Example: A simple pipeline component

The following component receives the Doc in the pipeline and prints some information about it: the number of tokens, the part-of-speech tags of the tokens and a conditional message based on the document length.

✏️ Things to try

  1. Add the component first in the pipeline by setting first=True. You'll see that the part-of-speech tags are empty, because the component now runs before the tagger and the tags aren't available yet.
  2. Change the component name or remove the name argument. You should see this change reflected in nlp.pipe_names.
  3. Print nlp.pipeline.
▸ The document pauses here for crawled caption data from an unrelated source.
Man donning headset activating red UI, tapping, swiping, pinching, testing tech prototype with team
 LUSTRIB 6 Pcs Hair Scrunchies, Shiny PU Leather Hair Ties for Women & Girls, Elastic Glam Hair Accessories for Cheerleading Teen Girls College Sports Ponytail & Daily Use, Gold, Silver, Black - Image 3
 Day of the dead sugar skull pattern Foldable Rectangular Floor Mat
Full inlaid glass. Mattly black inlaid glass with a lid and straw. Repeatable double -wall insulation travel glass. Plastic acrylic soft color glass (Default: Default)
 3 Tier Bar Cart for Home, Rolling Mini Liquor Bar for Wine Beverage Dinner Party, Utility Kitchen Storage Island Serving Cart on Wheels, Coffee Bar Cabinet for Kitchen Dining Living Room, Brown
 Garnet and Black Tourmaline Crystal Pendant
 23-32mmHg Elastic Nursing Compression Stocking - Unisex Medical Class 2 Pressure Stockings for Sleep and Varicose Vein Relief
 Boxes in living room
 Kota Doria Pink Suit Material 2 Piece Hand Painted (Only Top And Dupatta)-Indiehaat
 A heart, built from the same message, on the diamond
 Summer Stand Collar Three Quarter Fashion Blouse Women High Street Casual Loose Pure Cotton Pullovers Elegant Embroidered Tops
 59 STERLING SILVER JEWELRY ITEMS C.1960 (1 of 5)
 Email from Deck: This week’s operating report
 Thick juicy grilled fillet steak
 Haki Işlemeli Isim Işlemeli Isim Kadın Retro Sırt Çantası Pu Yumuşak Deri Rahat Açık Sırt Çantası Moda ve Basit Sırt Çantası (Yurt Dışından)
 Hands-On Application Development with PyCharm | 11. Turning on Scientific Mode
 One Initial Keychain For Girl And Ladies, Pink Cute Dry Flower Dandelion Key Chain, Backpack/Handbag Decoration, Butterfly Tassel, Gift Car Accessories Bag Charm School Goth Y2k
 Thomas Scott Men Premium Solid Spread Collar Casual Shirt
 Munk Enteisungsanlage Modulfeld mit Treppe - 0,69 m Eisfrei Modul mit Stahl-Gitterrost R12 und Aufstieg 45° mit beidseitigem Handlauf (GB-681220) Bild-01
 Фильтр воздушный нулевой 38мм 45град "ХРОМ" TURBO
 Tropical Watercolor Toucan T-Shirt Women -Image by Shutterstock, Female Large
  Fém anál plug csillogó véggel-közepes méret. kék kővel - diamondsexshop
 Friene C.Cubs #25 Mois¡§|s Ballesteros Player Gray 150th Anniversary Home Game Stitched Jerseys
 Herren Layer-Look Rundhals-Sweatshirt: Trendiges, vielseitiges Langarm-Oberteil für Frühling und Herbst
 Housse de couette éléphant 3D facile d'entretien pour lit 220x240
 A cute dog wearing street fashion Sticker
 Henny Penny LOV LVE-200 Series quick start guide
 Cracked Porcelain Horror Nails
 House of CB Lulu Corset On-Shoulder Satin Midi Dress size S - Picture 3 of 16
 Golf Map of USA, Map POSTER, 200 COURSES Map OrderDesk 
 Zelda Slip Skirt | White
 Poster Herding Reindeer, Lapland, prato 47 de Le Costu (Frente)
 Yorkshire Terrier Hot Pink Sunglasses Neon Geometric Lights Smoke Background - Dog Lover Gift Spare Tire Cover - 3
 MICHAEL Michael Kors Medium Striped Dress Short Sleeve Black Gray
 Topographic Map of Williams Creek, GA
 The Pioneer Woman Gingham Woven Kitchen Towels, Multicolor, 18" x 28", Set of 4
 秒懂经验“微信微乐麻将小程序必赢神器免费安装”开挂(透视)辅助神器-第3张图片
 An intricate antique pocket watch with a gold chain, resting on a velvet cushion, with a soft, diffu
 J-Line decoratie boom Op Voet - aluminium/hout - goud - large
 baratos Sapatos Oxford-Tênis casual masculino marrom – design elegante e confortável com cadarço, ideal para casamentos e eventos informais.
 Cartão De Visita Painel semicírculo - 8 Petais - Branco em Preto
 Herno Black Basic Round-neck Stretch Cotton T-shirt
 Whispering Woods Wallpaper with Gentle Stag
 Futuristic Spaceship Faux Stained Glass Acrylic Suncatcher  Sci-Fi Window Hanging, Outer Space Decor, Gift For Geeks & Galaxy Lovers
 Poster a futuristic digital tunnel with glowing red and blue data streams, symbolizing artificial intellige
You'll see a list of tuples describing the component name and the function that's called on the Doc object in the pipeline.
### {executable="true"}
import spacy

def my_component(doc):
    print("After tokenization, this doc has {} tokens.".format(len(doc)))
    print("The part-of-speech tags are:", [token.pos_ for token in doc])
    if len(doc) < 10:
        print("This is a pretty short document.")
    return doc

nlp = spacy.load("en_core_web_sm")
nlp.add_pipe(my_component, name="print_info", last=True)
print(nlp.pipe_names)  # ['print_info', 'tagger', 'parser', 'ner']
doc = nlp(u"This is a sentence.")

Of course, you can also wrap your component as a class to allow initializing it with custom settings and hold state within the component. This is useful for stateful components, especially ones which depend on shared data. In the following example, the custom component EntityMatcher can be initialized with nlp object, a terminology list and an entity label. Using the PhraseMatcher, it then matches the terms in the Doc and adds them to the existing entities.

As of v2.1.0, spaCy ships with the EntityRuler, a pipeline component for easy, rule-based named entity recognition. Its implementation is similar to the EntityMatcher code shown below, but it includes some additional features like support for phrase patterns and token patterns, handling overlaps with existing entities and pattern export as JSONL.

We'll still keep the pipeline component example below, as it works well to illustrate complex components. But if you're planning on using this type of component in your application, you might find the EntityRuler more convenient. See here for more details and examples.

### {executable="true"}
import spacy
from spacy.matcher import PhraseMatcher
from spacy.tokens import Span

class EntityMatcher(object):
    name = "entity_matcher"

    def __init__(self, nlp, terms, label):
        patterns = [nlp.make_doc(text) for text in terms]
        self.matcher = PhraseMatcher(nlp.vocab)
        self.matcher.add(label, None, *patterns)

    def __call__(self, doc):
        matches = self.matcher(doc)
        for match_id, start, end in matches:
            span = Span(doc, start, end, label=match_id)
            doc.ents = list(doc.ents) + [span]
        return doc

nlp = spacy.load("en_core_web_sm")
terms = (u"cat", u"dog", u"tree kangaroo", u"giant sea spider")
entity_matcher = EntityMatcher(nlp, terms, "ANIMAL")

nlp.add_pipe(entity_matcher, after="ner")

print(nlp.pipe_names)  # The components in the pipeline

doc = nlp(u"This is a text about Barack Obama and a tree kangaroo")
print([(ent.text, ent.label_) for ent in doc.ents])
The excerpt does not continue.